YOUR GOAL
Take the lines from the line containing "山田辰 半袖ツヅキ服 ネイビーブルー 3L 1-5601-NB-3L 1枚（直送品）" through the end of the entries and output them exactly, with no pictures and nothing more.

GIVEN RECORDS
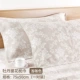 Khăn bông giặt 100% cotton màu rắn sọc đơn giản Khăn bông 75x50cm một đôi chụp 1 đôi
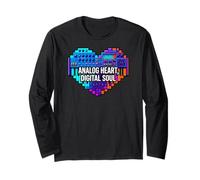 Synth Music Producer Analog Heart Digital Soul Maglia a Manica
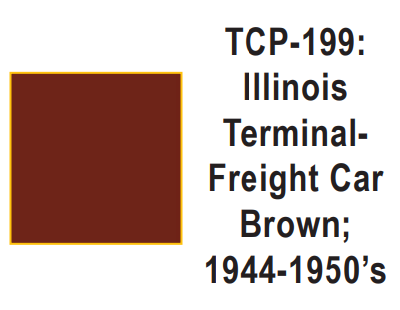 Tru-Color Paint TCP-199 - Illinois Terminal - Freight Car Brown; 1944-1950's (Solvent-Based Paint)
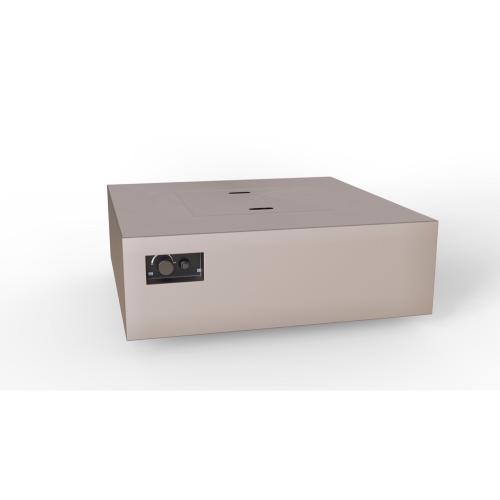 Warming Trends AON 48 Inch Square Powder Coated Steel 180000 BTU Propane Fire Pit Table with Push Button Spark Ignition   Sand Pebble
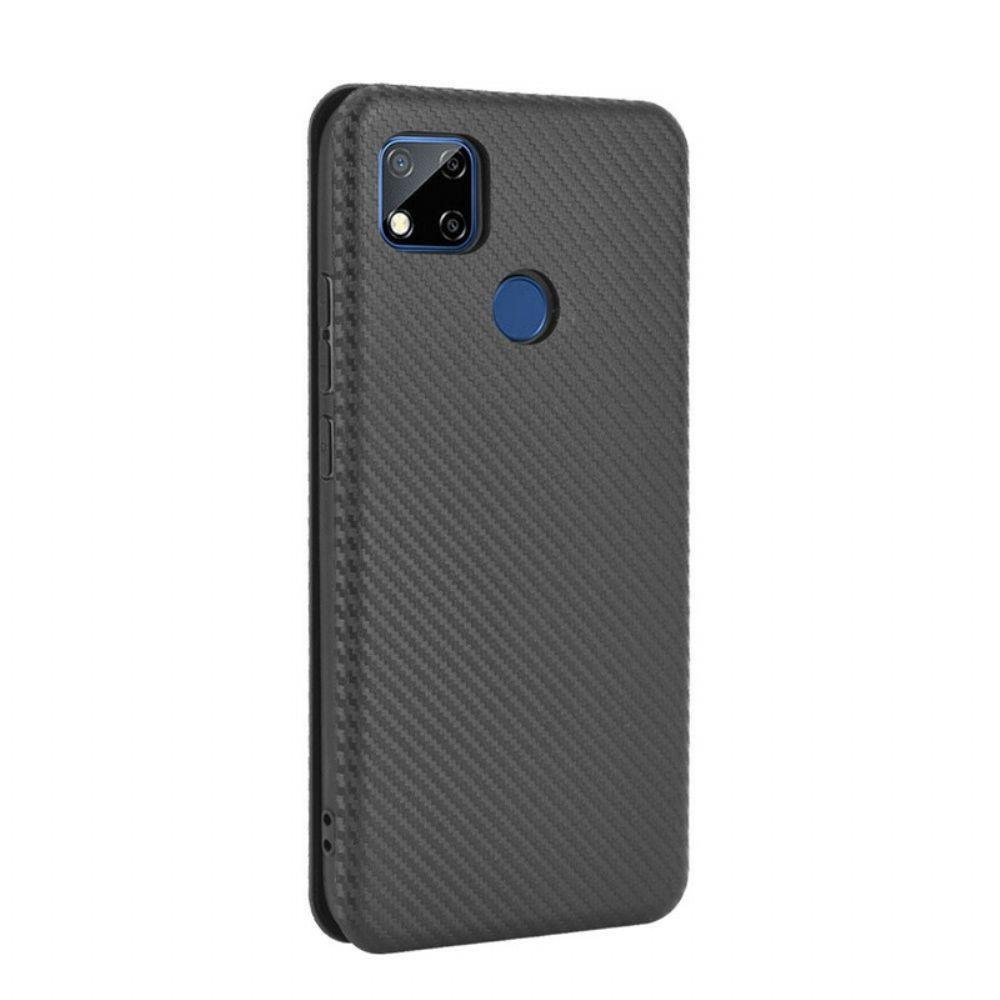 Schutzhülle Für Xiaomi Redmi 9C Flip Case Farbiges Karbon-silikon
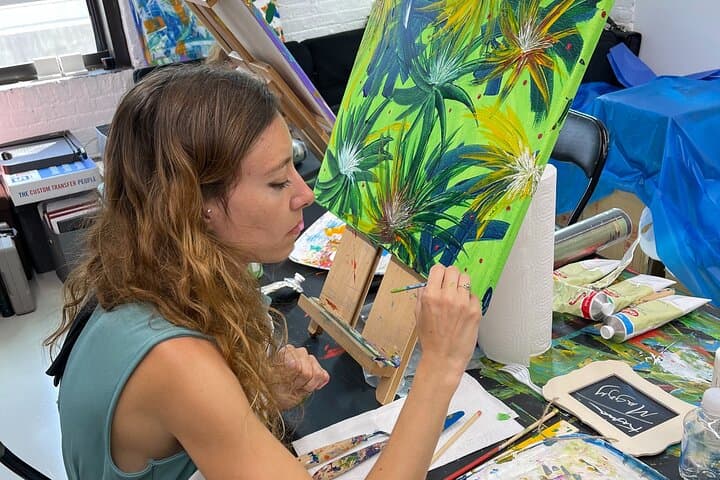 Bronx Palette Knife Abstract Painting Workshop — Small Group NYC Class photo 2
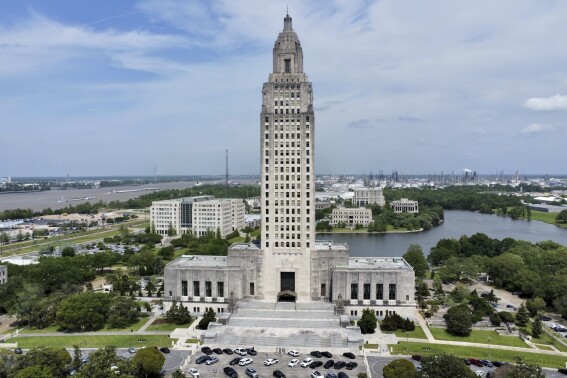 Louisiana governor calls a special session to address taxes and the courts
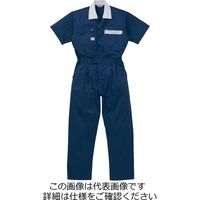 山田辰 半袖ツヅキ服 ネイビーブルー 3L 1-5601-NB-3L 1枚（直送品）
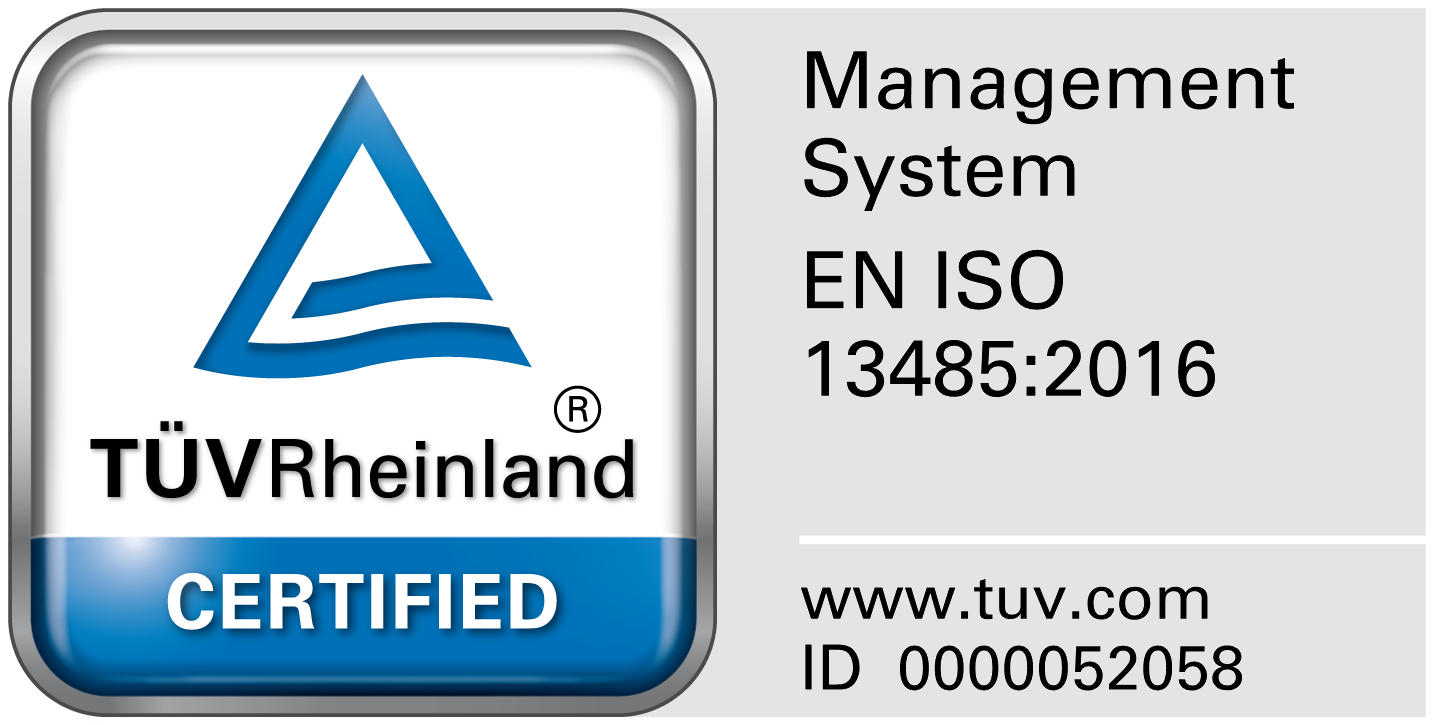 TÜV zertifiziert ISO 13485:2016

OUTPUT OF THE TASK
 山田辰 半袖ツヅキ服 ネイビーブルー 3L 1-5601-NB-3L 1枚（直送品）
 TÜV zertifiziert ISO 13485:2016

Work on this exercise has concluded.